Required work – In the records that follow, find the line with "2018 FORD F250 SUPER DUTY 1FT7W2B63JED00257"; from there, retype every line exactly through the line with "Used 2021 BMW", which also belongs to the answer.

Dataset entries –
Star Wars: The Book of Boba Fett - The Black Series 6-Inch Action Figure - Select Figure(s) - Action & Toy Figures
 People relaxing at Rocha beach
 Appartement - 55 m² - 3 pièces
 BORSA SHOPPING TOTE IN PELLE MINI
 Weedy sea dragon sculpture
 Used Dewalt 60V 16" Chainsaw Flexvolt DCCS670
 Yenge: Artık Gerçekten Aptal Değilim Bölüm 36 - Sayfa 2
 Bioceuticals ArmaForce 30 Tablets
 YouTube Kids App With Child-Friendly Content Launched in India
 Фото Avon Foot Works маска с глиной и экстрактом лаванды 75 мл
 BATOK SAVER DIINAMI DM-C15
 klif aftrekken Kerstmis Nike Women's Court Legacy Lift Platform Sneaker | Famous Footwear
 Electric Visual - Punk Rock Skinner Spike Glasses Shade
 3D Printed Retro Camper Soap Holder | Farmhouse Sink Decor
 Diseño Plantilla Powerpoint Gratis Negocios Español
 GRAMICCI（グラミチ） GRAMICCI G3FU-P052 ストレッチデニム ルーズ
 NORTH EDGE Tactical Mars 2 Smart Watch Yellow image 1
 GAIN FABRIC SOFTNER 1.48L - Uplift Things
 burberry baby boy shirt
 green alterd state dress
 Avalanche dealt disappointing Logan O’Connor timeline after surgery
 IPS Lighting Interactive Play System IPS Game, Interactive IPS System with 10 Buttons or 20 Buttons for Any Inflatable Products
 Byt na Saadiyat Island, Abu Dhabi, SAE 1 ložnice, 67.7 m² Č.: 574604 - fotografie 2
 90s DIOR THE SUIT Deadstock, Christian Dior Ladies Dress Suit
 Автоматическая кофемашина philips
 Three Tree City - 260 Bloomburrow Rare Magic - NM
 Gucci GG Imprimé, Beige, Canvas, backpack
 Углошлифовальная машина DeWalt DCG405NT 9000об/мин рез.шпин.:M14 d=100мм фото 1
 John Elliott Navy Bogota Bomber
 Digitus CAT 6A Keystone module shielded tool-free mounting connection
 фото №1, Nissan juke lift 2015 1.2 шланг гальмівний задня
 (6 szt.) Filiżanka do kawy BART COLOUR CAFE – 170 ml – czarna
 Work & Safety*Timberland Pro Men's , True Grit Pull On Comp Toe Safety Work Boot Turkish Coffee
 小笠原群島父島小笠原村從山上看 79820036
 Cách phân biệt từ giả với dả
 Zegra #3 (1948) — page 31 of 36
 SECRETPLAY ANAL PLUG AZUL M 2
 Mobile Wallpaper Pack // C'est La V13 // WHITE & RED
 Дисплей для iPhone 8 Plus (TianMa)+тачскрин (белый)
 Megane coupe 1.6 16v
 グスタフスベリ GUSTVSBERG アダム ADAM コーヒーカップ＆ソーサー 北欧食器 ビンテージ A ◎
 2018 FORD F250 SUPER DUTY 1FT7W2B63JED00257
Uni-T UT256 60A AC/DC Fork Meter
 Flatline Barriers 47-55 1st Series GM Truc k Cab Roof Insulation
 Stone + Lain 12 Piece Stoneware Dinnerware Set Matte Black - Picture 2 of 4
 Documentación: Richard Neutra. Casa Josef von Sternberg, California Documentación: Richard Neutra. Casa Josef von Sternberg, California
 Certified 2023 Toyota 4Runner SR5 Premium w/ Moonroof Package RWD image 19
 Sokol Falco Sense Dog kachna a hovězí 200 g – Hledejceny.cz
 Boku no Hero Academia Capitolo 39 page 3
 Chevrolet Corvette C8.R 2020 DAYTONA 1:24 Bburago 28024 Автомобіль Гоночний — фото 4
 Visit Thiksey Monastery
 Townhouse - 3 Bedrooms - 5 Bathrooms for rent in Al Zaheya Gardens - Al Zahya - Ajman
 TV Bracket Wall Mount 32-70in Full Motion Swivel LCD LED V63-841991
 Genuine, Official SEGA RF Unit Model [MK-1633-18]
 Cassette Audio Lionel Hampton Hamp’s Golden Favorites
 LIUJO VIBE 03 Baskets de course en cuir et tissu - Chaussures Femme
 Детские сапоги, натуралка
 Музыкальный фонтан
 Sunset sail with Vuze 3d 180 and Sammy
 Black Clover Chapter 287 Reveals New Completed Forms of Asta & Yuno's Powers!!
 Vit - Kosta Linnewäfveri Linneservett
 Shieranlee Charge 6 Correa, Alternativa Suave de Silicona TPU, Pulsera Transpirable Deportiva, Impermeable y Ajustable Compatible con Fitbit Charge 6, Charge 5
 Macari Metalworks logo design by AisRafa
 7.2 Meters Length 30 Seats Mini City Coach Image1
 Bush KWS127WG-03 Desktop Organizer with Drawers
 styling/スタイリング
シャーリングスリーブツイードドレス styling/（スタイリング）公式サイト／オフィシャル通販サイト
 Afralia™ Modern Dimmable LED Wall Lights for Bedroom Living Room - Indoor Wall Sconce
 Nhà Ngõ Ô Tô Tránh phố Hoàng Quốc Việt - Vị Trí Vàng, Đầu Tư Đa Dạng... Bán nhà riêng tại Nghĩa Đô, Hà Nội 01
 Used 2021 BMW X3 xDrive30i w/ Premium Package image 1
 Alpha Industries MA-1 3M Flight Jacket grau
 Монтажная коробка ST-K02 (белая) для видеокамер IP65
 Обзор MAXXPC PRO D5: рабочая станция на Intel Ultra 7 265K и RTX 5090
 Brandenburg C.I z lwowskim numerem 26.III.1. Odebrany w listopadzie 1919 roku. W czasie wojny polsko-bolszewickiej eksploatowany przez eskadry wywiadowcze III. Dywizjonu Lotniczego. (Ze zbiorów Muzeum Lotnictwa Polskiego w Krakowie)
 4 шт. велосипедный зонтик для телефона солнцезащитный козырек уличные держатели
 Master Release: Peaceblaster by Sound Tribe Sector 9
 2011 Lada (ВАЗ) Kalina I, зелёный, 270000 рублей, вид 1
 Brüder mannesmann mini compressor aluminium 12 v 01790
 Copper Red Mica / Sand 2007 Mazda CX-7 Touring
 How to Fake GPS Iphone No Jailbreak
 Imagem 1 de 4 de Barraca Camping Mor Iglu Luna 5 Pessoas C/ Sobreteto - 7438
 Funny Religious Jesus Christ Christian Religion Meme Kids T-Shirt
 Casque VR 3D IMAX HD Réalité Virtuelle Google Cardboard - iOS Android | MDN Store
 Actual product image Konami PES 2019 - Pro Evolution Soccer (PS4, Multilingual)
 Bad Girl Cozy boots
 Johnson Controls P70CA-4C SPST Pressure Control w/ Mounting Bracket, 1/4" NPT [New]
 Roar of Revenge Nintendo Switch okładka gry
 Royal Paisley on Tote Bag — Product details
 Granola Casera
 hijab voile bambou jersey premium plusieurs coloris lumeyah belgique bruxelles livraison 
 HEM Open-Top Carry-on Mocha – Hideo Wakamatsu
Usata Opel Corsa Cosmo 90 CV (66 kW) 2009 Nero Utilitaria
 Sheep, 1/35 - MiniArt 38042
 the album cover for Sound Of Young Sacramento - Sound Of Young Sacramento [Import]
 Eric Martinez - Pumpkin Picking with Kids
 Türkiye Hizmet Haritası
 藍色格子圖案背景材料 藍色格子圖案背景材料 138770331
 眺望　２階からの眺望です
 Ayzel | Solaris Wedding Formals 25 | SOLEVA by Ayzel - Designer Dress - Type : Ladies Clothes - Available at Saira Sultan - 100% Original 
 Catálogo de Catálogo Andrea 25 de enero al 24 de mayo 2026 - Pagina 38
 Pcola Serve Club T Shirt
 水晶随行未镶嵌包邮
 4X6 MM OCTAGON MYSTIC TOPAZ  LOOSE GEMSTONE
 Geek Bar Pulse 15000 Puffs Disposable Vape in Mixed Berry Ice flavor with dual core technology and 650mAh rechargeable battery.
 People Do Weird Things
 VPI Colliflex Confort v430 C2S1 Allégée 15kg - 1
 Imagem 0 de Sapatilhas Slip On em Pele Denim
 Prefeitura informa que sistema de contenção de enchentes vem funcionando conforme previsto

Solved exercise –
 2018 FORD F250 SUPER DUTY 1FT7W2B63JED00257
Uni-T UT256 60A AC/DC Fork Meter
 Flatline Barriers 47-55 1st Series GM Truc k Cab Roof Insulation
 Stone + Lain 12 Piece Stoneware Dinnerware Set Matte Black - Picture 2 of 4
 Documentación: Richard Neutra. Casa Josef von Sternberg, California Documentación: Richard Neutra. Casa Josef von Sternberg, California
 Certified 2023 Toyota 4Runner SR5 Premium w/ Moonroof Package RWD image 19
 Sokol Falco Sense Dog kachna a hovězí 200 g – Hledejceny.cz
 Boku no Hero Academia Capitolo 39 page 3
 Chevrolet Corvette C8.R 2020 DAYTONA 1:24 Bburago 28024 Автомобіль Гоночний — фото 4
 Visit Thiksey Monastery
 Townhouse - 3 Bedrooms - 5 Bathrooms for rent in Al Zaheya Gardens - Al Zahya - Ajman
 TV Bracket Wall Mount 32-70in Full Motion Swivel LCD LED V63-841991
 Genuine, Official SEGA RF Unit Model [MK-1633-18]
 Cassette Audio Lionel Hampton Hamp’s Golden Favorites
 LIUJO VIBE 03 Baskets de course en cuir et tissu - Chaussures Femme
 Детские сапоги, натуралка
 Музыкальный фонтан
 Sunset sail with Vuze 3d 180 and Sammy
 Black Clover Chapter 287 Reveals New Completed Forms of Asta & Yuno's Powers!!
 Vit - Kosta Linnewäfveri Linneservett
 Shieranlee Charge 6 Correa, Alternativa Suave de Silicona TPU, Pulsera Transpirable Deportiva, Impermeable y Ajustable Compatible con Fitbit Charge 6, Charge 5
 Macari Metalworks logo design by AisRafa
 7.2 Meters Length 30 Seats Mini City Coach Image1
 Bush KWS127WG-03 Desktop Organizer with Drawers
 styling/スタイリング
シャーリングスリーブツイードドレス styling/（スタイリング）公式サイト／オフィシャル通販サイト
 Afralia™ Modern Dimmable LED Wall Lights for Bedroom Living Room - Indoor Wall Sconce
 Nhà Ngõ Ô Tô Tránh phố Hoàng Quốc Việt - Vị Trí Vàng, Đầu Tư Đa Dạng... Bán nhà riêng tại Nghĩa Đô, Hà Nội 01
 Used 2021 BMW X3 xDrive30i w/ Premium Package image 1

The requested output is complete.